Wir haben es ja. Zwar sind die öffentlichen Kassen leer und alle Welt jammert übers Waigel‘sche Sparpaket, doch davon hat die Kawag noch nichts gehört. Denn wie wäre wohl sonst folgender Fall möglich? Da wird im Abstatter Teilort Happenbach eine Ortsstraße mit Pflastersteinen für teures Geld saniert. Und gerade jetzt, da der letzte Stein gesetzt ist, steht die Kawag da und möchte das Pflaster wieder aufreißen, da sich die Mehrheit der Bevölkerung für eine Erdverkabelung entschieden habe. Dabei hatte der Abstatter Gemeinderat schriftlich bei der Kawag in Ludwigsburg angefragt, ob man Erdverkabelung und Pflasterarbeiten nicht in einem Rutsch abwickeln könne.
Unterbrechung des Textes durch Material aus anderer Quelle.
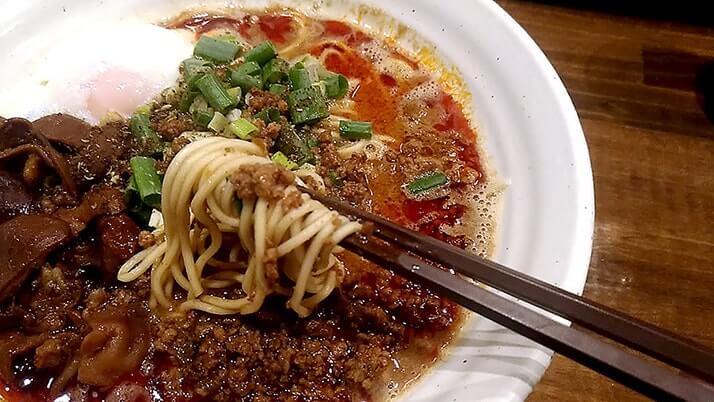 立石担担麺 火のき｜調味料自家製！スパイス挽きたての本格担々麺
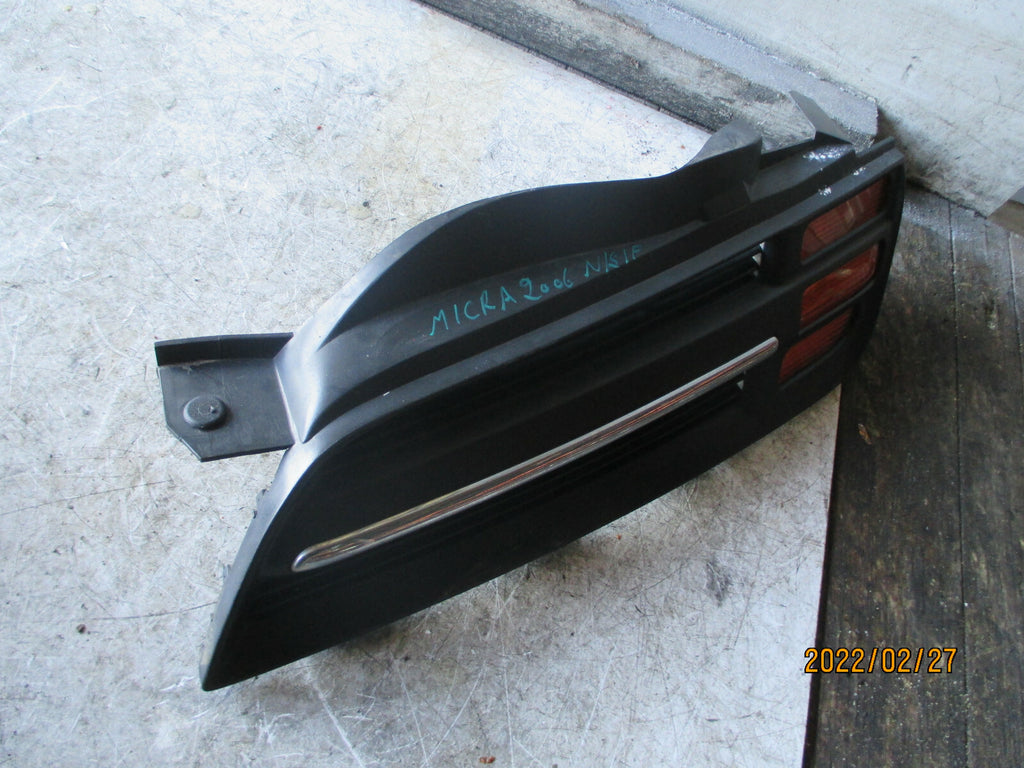 NISSAN MICRA 2006 K12 NSF PASSENGER SIDE FRONT FOGLIGHT GRILL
Aus Ludwigsburg kam der Bescheid: Nein! In solchen Fällen müßten bei der Kawag sofort die Verantwortlichen für diese Geldverschwendung der Gebührenzahler zusammengestaucht werden. Würde ein Angestellter in einem mittelständischen Betrieb solch einen organisatorischen Bockmist bauen, er wäre sehr bald seinen Arbeitsplatz los. Und da redet man immer wieder von schlagkräftiger und effektiver Arbeit öffentlicher Verwaltung oder öffentlicher Unternehmen. Pustekuchen!